> [TASK BRIEF]
Report the number of lines in the entries below that include the word "Asia", and nothing else.

> [INFORMATION SHOWN]
■ ■ ■ ■ ■ ■ ■
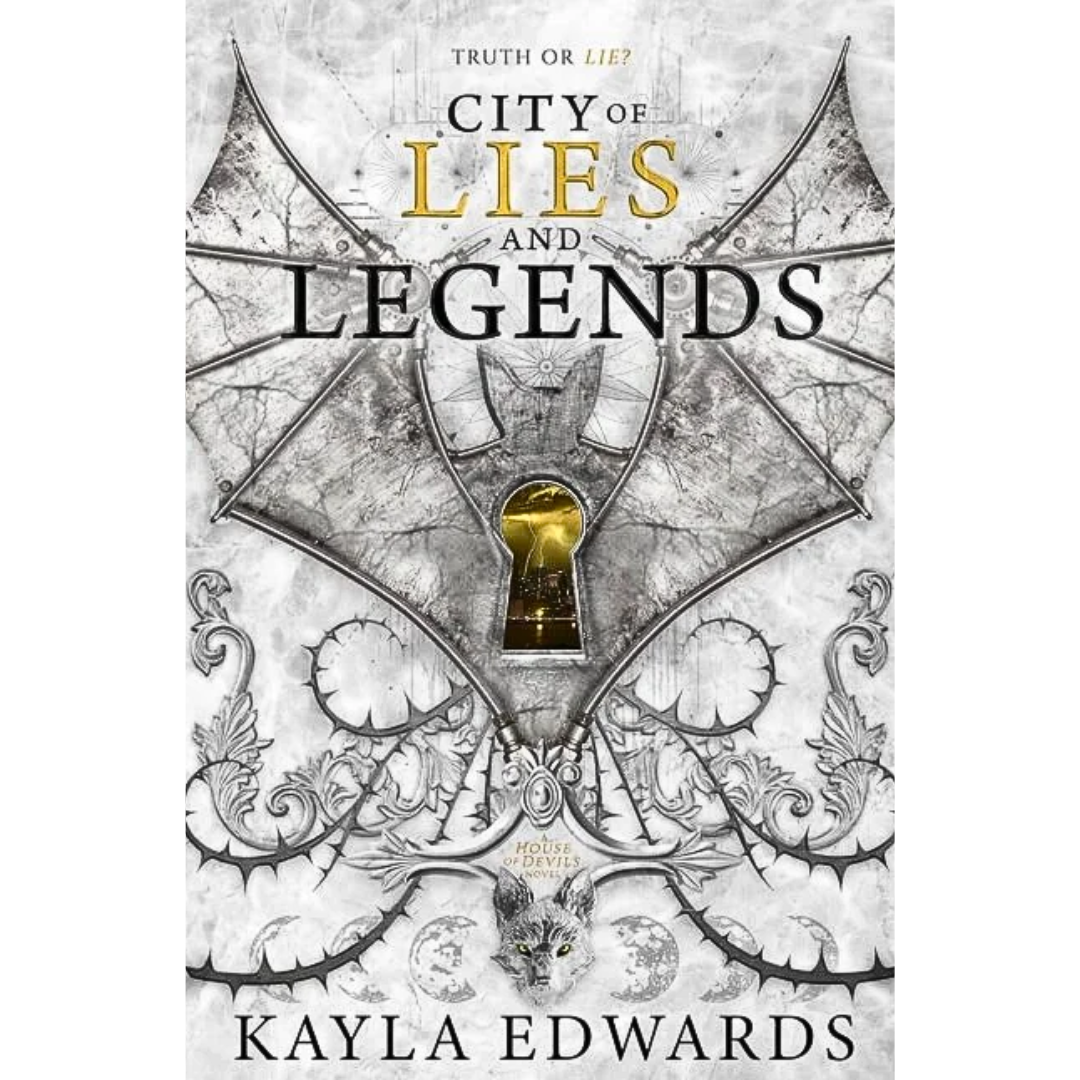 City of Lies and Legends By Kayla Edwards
■ ■ ■ ■ ■ ■ ■
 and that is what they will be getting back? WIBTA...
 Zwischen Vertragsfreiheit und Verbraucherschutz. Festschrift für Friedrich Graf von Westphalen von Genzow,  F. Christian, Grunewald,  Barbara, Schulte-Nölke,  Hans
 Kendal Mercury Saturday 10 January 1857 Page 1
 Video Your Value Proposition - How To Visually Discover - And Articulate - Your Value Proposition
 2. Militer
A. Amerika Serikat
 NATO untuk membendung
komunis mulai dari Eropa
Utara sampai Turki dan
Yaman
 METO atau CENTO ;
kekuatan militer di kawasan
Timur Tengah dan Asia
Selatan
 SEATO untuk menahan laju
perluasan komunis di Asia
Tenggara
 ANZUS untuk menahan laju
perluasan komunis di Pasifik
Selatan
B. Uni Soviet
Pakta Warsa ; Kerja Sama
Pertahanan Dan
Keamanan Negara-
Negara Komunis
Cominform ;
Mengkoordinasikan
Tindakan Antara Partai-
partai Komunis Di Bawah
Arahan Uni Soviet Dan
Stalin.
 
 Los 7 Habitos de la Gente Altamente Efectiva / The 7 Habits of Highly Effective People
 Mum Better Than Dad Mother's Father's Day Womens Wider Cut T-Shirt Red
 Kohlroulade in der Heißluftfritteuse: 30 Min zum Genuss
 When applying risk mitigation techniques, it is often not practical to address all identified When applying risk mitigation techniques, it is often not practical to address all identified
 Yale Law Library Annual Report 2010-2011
■ ■ ■ ■ ■ ■ ■
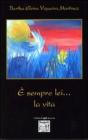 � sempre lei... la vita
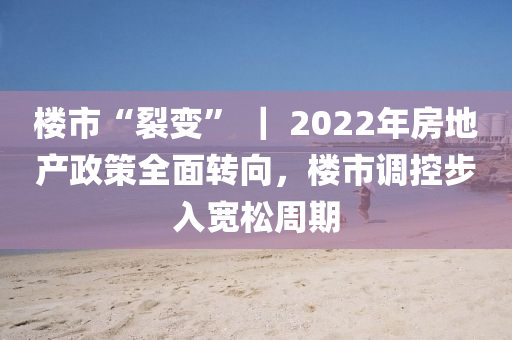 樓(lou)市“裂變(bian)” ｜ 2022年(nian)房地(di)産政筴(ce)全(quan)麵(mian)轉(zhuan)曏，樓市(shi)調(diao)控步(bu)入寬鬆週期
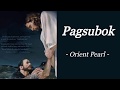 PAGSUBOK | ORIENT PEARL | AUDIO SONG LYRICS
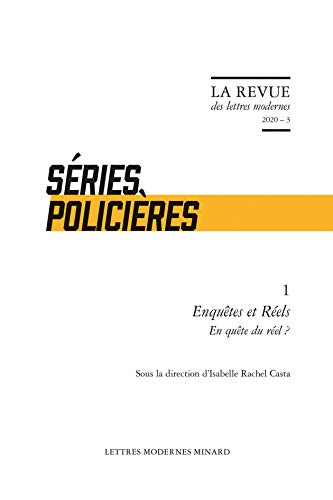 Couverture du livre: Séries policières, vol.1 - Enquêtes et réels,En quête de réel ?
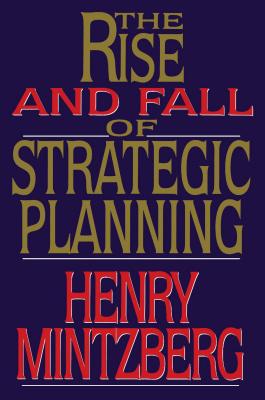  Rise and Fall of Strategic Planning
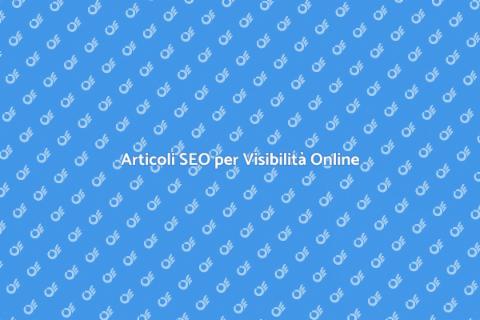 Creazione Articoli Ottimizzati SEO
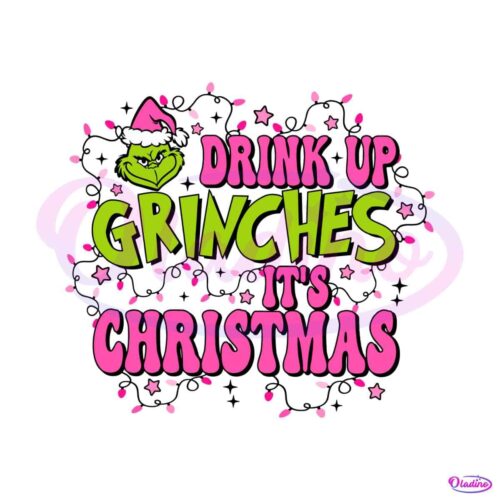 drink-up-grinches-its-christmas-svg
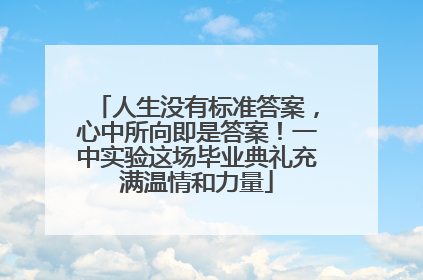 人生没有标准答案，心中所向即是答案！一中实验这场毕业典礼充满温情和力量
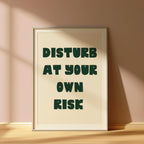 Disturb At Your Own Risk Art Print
■ ■ ■ ■ ■ ■ ■
> [RESULT OF THIS EXERCISE]
2